The latest in the Ben’s Bitichin’ Kitchen series – Preserved Lemons!
There are endless ways to flavor and prepare preserved lemons for making marinades, salad dressings, seasoning rice pilaf, or just adding the brine to flavor some yummy Bloody Marys.
We have several lemon trees on our property, and the two Meyer lemon trees produce the most delicious citrus. The trees, however, seemed like they hadn’t been pruned in years, so Ben took his pruning shears outside and went to town on those trees. He picked every last lemon off the branches, and you could feel the trees taking huge sighs of relief.
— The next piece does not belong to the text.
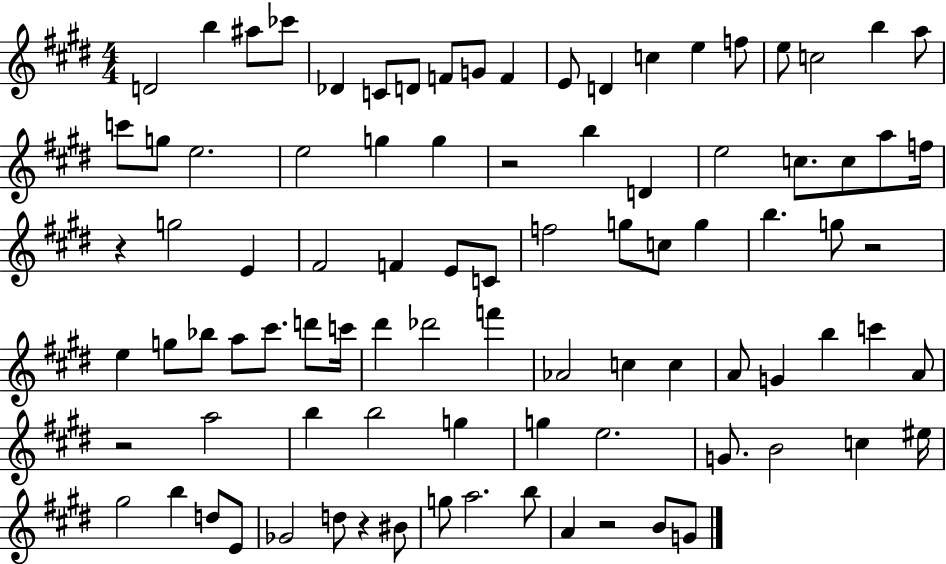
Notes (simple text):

D4/h B5/q A#5/e CES6/e Db4/q C4/e D4/e F4/e G4/e F4/q E4/e D4/q C5/q E5/q F5/e E5/e C5/h B5/q A5/e C6/e G5/e E5/h. E5/h G5/q G5/q R/h B5/q D4/q E5/h C5/e. C5/e A5/e F5/s R/q G5/h E4/q F#4/h F4/q E4/e C4/e F5/h G5/e C5/e G5/q B5/q. G5/e R/h E5/q G5/e Bb5/e A5/e C#6/e. D6/e C6/s D#6/q Db6/h F6/q Ab4/h C5/q C5/q A4/e G4/q B5/q C6/q A4/e R/h A5/h B5/q B5/h G5/q G5/q E5/h. G4/e. B4/h C5/q EIS5/s G#5/h B5/q D5/e E4/e Gb4/h D5/e R/q BIS4/e G5/e A5/h. B5/e A4/q R/h B4/e G4/e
That said, we found ourselves with more lemons than we could use. If you find yourself in this position, or you’re just looking for a fun activity, get out your spices and start playing around!
Here’s how we did it:
Start with your bowl of lemons. Pick out the best ones for the preserving process – the others will be used for their juice.
Grab some empty mason jars.
Separate out the ‘pretty lemons’ and quarter them – but don’t slice them all the way through!
Salt & Sugar.
Rose petals and green tea.
Cinnamon, cardamom, and cloves.
Juniper berries, bay leaves, and star anise.
Begin by salting the surfaces of the ‘pretty lemons’ that you just quartered. Put some salt and spices (whatever combo you choose) at the base of the jar. Add two or three lemons, then layer more salt and spices. Add more lemons and layers of salt and spices until the mason jar is full. Squeeze about 3-4 ‘ugly lemons’ worth of juice on to the top of your creation. Seal the jar and keep them in a cool, dark place for at least 4 weeks. Turning the jars a couple of times a day.
We played with a bunch of different spice combos. Here are 3 of my favorites:
#1 – Rose petals, juniper berries, bay leaf, cloves, cinnamon, salt, sugar.
#2 – Green lemons, habaneros, chilis, star anise, long pepper, extra salt, bay leaves.
#3 – Chilis, tellicherry peppers, bay leaf, juniper berries, salt.
This was so much fun, and the fruit of your labor will be delicious!